The CEE region
Central and Eastern Europe (CEE) or Eastern and Central Europe are terms frequently used in science, politics and daily life alike. They are customarily used in connection with the part of Europe which differs in more significant respects – social, economic, cultural and political – from both Western and Eastern Europe. According to Halecki (1980), Europe is divided into four parts for historical reasons: Western Europe, West Central Europe, East Central Europe and Eastern Europe. CEE countries are situated geographically in the centre, one part lying within a bloc comprising Sweden, Germany and Italy, and the other between Russia and Turkey. Over the centuries, peoples of very diverse backgrounds have established their own independent states or even empires. In their relationships with Western and Eastern Europe they developed distinctive national cultures, and these have contributed greatly to the development of European civilization. The use of the term CEE as a definition in the political structure of the region strongly emphasizes that these states represent cultures different from those of Eastern Europe – more specifically, Russia (and, later, the Soviet Union) which ruled the whole territory after the Second World War. The anti-Soviet, anti-bolshevist argument can claim many serious protagonists, such as Bibó (1946) or Kundera (1984).

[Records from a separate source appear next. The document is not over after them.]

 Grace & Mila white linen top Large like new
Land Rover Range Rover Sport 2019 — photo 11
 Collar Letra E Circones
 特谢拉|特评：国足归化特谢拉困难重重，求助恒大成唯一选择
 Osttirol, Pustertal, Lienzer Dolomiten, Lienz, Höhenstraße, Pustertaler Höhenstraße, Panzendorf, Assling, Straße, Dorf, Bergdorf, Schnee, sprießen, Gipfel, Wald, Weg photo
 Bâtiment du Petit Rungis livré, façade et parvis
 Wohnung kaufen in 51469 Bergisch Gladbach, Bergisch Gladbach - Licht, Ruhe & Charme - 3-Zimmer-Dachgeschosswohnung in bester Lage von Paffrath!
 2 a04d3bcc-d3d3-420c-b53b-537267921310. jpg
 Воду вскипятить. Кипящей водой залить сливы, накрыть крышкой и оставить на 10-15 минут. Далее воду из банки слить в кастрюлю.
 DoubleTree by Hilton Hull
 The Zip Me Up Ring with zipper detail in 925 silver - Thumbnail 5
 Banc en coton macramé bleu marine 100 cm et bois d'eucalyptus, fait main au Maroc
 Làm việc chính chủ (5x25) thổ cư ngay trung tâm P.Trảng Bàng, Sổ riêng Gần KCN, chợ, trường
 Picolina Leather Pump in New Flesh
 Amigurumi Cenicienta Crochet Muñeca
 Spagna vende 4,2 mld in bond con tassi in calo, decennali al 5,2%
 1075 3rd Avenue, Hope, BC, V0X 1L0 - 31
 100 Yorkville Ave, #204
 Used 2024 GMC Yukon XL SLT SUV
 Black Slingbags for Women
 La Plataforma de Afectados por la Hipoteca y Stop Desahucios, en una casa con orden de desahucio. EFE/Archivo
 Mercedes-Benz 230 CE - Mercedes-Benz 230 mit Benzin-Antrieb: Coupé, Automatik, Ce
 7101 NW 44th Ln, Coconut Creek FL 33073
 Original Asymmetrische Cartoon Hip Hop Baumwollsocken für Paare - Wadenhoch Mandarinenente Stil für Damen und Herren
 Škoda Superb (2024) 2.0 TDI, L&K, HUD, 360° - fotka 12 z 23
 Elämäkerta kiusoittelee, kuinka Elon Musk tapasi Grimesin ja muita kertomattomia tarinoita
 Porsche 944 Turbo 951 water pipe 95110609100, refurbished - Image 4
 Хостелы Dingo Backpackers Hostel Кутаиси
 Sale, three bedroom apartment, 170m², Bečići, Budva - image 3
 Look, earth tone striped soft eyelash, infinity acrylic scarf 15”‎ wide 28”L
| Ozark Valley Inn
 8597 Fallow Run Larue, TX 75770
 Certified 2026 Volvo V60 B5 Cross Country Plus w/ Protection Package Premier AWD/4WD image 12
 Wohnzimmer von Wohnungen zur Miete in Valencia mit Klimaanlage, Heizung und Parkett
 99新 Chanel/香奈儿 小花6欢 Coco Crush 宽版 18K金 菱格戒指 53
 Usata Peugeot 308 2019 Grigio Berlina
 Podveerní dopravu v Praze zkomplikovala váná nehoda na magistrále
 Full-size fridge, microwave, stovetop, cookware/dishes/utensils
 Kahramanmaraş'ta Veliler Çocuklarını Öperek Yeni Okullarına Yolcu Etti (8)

A single European culture is an abstract ideal, but this does not mean that it has no influence on the mentality of people. The sources of European culture are Greek philosophy, Roman law and monotheistic religions – in particular, Christianity – which are integrated into the traditional culture of various peoples. Progress and modernization took root and flourished in these. The most significant steps on the long journey towards modernization were the Renaissance, Humanism, the Reformation and the Enlightenment. According to various authors, the Enlightenment in particular can be considered as the great intellectual movement and historical era that helped establish modernity (Himmelfarb 2005; Israel 2002). The impact of the (ongoing) debate on the nature of science, world-view and the characteristics and consequences of individualistic secular morality is more profound. The basic difference between the CEE region and Eastern Europe is that such movements have more influence in CEE then in the East.